Dwarf Four Leaf clover, Marsilea hirsuta
Item # DWARFCLOVER​ 


1​

20 Gallon Low Light Plant Package
Item # lowlipack ​
2 x Java Fern or Lace java fern
2 x Cryptocoryne Wendtii "red"
2 x Cryptocoryne Retrospiralis, or Spiralis
2 x Anacharis or Anacharis narrow leaf
1 x Marimo Ball ( no need to plant)
1 medium Amazon Sword
 


2​

WATER SPRITE, Ceratopteris thalictroides
Item # WATSP​ 


1​

RED TIGER LOTUS, NYMPHAEA LOTUS, easy, beautiful plant
Item # REDLOTUS​ 


1​

MADAGASCAR LACE PLANT , stunningly beautiful plant, TALL
Item # madgascar01​ 


1​

ROTALA WALLICHII, lush, colorful plant, medium light, grows side shoots​ 


1​

Vallisneria Spiralis, Italian Vals, tall background plant, fast growing, leaves can be trimmed to any size.​ 




3​

ANCHARIS (Egeria densa), EASY plant, increases oxygen and reduces nitrates.​ 


1​

Dwarf Lily Plant (Nymphaea stellata)
Item # dlil01​ 


1​

Mini Christmas Moss, BEAUTIFUL
Item # MINICHRISTMASMOSS​ 


1​

Echinodorus "Ozelot" Sword Plant, EASY, BACKGROUND PLANT
8-16 inches​ 


1​

*Foxtail "RED", Myriophyllum heterophyllum, fish fry saver**
Medium light, grows very fast but can easily be trimmed and the trimmings replanted.*​ 




1​

JAVA MOSS, Vesicularia dubyana, fry saver, moss wall 75 degrees
Item # JAVAMOSS​ 


1​

Echinodorus cordifolius Tropica Marble Queen, BEAUTIFUL, EASY
Item # MARBLEQUEEN, background​ 


1​

CYPERUS HELFERI, wonderful background plant or midground focal
Item # helferiP​ 


1​

ANUBIAS FRAZERI, Tall Anubias Species background up to 20 inches
Item # Frazeri01​


----------



## Flyby Stardancer (Jun 19, 2013)

I can't speak for most of the plants, but the anacharis is often left to float, and you don't want to bury the rhizome of the Anubias.


----------



## jadaBlu (Feb 14, 2013)

I guess I can put it on a rock then. If anyone knows how to plant at least one plant please post what you know. I bought a book on aquarium plants online that I expected for it to tell me this It gives some great setup how to's but not much about the plants.


----------



## Aluka (Dec 25, 2012)

tThis is ALOT of plants. Alot of them grows really big, i hope you have a big tank for this. like a 40 gallon.

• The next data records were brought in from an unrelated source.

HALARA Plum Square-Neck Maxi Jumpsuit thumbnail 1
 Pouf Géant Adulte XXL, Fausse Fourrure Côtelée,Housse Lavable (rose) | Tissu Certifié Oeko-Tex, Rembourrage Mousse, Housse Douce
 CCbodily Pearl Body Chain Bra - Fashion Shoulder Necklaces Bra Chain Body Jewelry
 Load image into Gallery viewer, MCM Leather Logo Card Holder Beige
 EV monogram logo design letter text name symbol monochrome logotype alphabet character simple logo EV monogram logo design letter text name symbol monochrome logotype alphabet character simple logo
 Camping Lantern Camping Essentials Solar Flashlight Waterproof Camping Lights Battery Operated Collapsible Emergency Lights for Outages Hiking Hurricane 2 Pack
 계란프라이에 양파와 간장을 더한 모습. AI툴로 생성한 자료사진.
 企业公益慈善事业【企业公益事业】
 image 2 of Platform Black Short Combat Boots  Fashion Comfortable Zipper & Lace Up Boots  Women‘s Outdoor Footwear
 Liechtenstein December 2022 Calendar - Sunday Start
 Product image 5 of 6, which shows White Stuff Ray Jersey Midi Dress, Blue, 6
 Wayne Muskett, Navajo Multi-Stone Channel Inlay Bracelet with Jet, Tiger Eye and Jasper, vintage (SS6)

1 Anchor Moss, 2 x 2 portion, Fast growing moss - Sounds like it will come in a stainless steel mesh, you can either leave it on the mesh and just place in on your substrate and let to make a bush, or remove it from the mesh and tie it to a driftwood. (i would just leave it on the mesh unless you dont have space and have lots of driftwood space,

Dwarf Four Leaf clover, Marsilea hirsuta - foreground plant, will come in a bunch, take it apart into small bunches of 3-5 nodes, and stuff them into your substrate untill all the roots are buried. Spread them out where you want your foreground to be.

20 Gallon Low Light Plant Package
2 x Java Fern or Lace java fern - tie to driftwood or rock, or if you want to just plant it, dont bury the rhizome or it will die. put in mid to back ground (most likely mid since the rest of your plants gets pretty big)
2 x Cryptocoryne Wendtii "red" - very pretty plant, make sure you bury all the roots, and put a root tab near it. Place it near the middle, this can be your focal point because of the nice deep color. Plant it as a mid ground-back ground plant. Surround it with brighter green colors to emphasize its red. As all crypts this might melt all its leaves after first planting, don't worry it grows back pretty fast.
2 x Cryptocoryne Retrospiralis, or Spiralis - black ground plant, grows realllllly long, i have 3 of them and mine grows to like 20 inches, you can trim it.
2 x Anacharis or Anacharis narrow leaf - you can plant this or float it. put it in the back if you plant it.
1 x Marimo Ball ( no need to plant) - aglae ball, place somewhere to look cute.
1 medium Amazon Sword - will get super big, bury all roots, place in the background. I would give it its own corner of your tank, lol. you can keep triming its big leaves to keep it small.



2 WATER SPRITE, Ceratopteris thalictroides - can be planted or floated - very fast grower, make sure you trim it often, or it will shade out your other plants

RED TIGER LOTUS, NYMPHAEA LOTUS, easy, beautiful plant - one of my favorite plants, very very pretty. Place somewhere away from your red crypt, so your reds dont bunch together. advice - if you want it to grow big, it will, but you can opt to force it to grow small by constantly triming the leaves that shoots pass the height where you want it to be. Alot of ppl keep them as a mid ground plant, BUT that only works if you keep triming it. Because it is naturally a giant plant. Bury the bulb half way into the substrate if it comes in a bulb, or the roots if its jsut a rooted plant.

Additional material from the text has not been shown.